Oh, well, guess I’ll just have to watch the 1993 version again. Agnieszka Holland delivered us a beautiful version of the story.
Was that Agnieszka Holland? I love that movie – and there’s also a BBC version that I adored – something from the 70s, I think
Whatever happened to Holland? I remember she did a brilliant HBO film – Shot in the Heart – about Gary Gilmore – one of the best things I’ve seen, like unearthing a new Arthur Miller play
She’s still working, but I think she’s been in Europe for the past few years.
Holland has a new film this year, Mr. Jones. I didn’t think it was very good. Maybe I’ll review it…

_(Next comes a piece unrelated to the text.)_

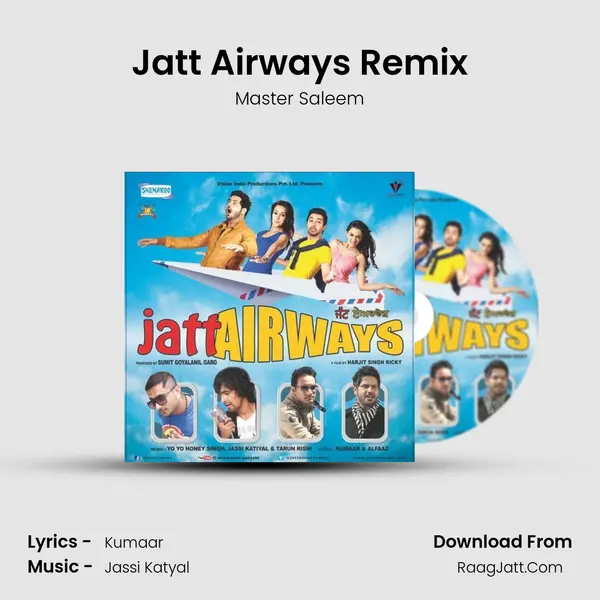Jatt Airways Remix MP3 Song by Master Saleem Cover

Oh that’s a shame. The topic is rather unexplored in popular culture and I was hoping the movie would be good. :-(
The theater company I work for almost did the musical, so I enjoyed the script and soundtrack when I read/listened to it. I haven’t read the book, so I can’t comment on its similarity to the story, but the musical makes clear that the garden isn’t supernatural at all; it’s just a garden that has sentimental value to them. When this movie’s trailer came out and I saw the action scenes in the lush CGI garden I thought “they seem to have misread this”
on second thought, this whole comment might be a bit of a spoiler:
yes, the two movies i saw, the walking wounded of the two cousins and their friend dickon came back to a full life as the garden they worked on *physically* started to take shape… the only *hint* of anything magical might be dickon’s way with animals … but quite frankly my sister has that magic touch, so i believe it it.
Whatever the book (or other versions of the story) have to say about whether the garden is supernatural or not, it remains the case that any new interpretation of the story could have that as a factor. But this one doesn’t seem to know what it wants. It’s very frustrating, and quite dull.